The benefits of the Echo Heights forest in Chemainus are many

Diana Hardacker of Chemainus wants to see all of the Echo Heights forest preserved as a park forever.


On Oct. 16, tentatively, the planning department of the Municipality of North Cowichan is presenting council with the latest plan to develop up to 20 per cent of the Echo Heights Forest in Chemainus with 45-55 single-family houses.

On or after Friday, Oct. 11, you can phone the municipality at 250-746-3100 to confirm the Oct. 16 date. I encourage you to come to the council meeting, which begins at 3 p.m.

Their previous plan was to develop 40 per cent of the 54-acre forest with a variety of housing, including multi-family and affordable. I know there are some people who were in favour of the previous plan because it was not just single-family houses. That is no longer the case.

Along with hundreds of others, I want to see all of the Echo Heights Forest preserved as a park forever.

Ninety-two per cent of the correspondence the municipality has received about the Echo Heights Forest also want 100 per cent of it saved as a park.

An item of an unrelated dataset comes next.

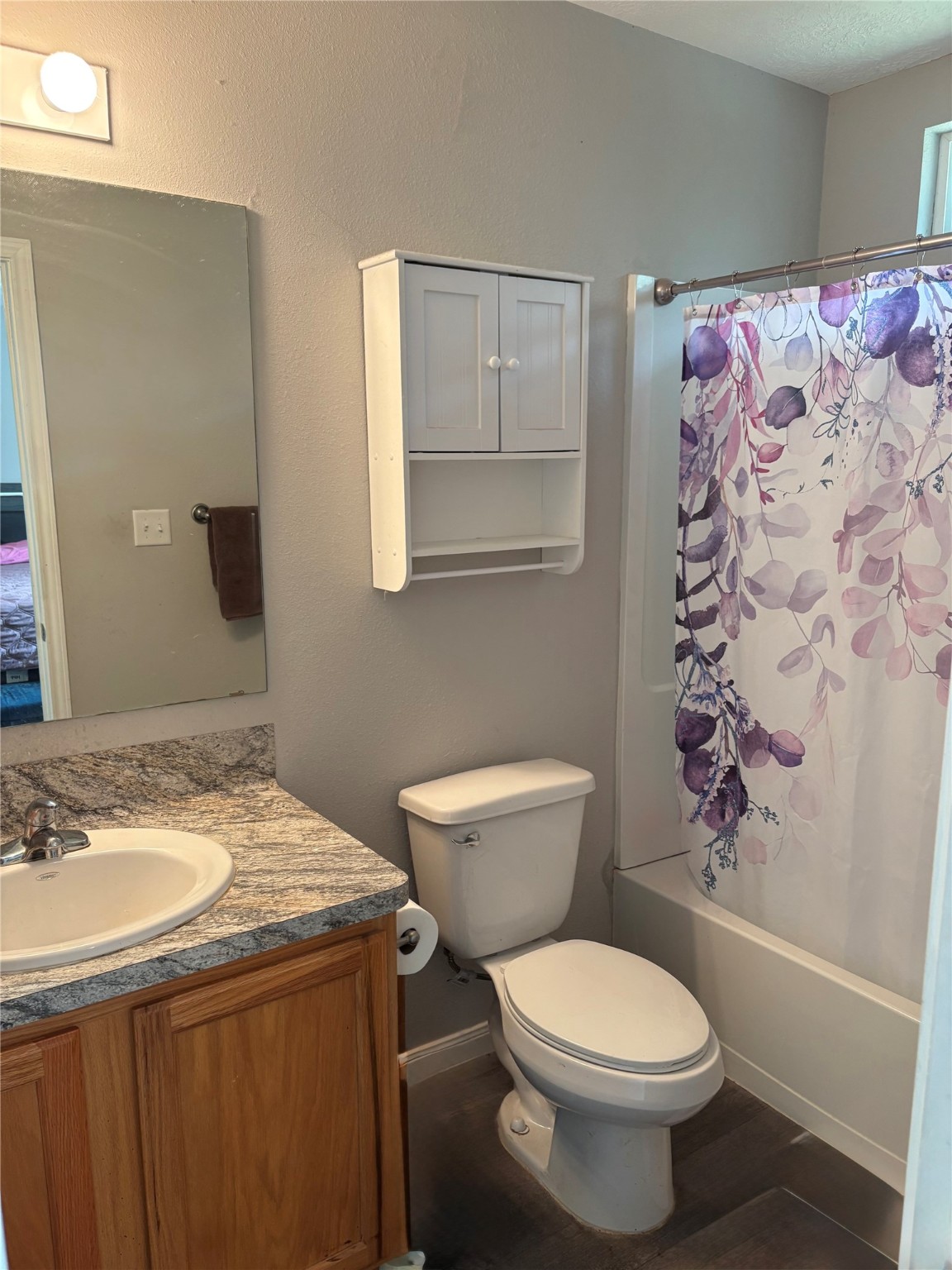 3940 Frontier Road Willis, TX 77378 - Photo 8 of 13 a bathroom with a sink toilet and shower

There are many reasons to preserve this treasured forest, including the wonderful network of easy walking trails which are enjoyed by people and dogs alike on a daily basis. There are maps in the forest at the trail intersections.

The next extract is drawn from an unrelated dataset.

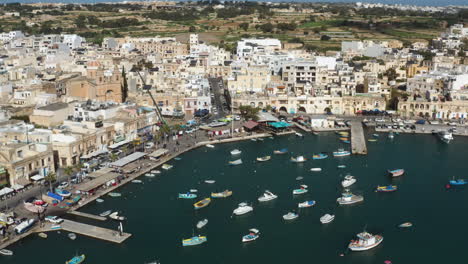 Aerial-View-Over-Fishing-Village-Of-Marsaxlokk-In-Malta---drone-shot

The forest is used by locals, as well as out-of-towners from as far away as Texas and Japan.

The forest has beautiful spring wildflowers, including trillium, tiger lily, blue camas lily, fawn lily and fairy slipper orchid. There are Western Red Cedars, Coastal Douglas Firs, Grand Firs, big Big Leaf Maples, Arbutus and Western Hemlock.

It is an explosion of biodiversity.

The forest provides habitat for many plants and animals that in turn provide great joy to those who enjoy the forest. It is chalk full of traditional medicines and food. The forest absorbs huge quantities of water, preventing flooding below. School children take an easy walk from Chemainus Elementary School to come to learn about nature. Students also come to the forest from Tamagawa University and the University of Victoria.

The forest acts as a buffer for the community from the noise and pollution from the Trans Canada Highway and the smell from nearby farms. There is a geocache in the forest.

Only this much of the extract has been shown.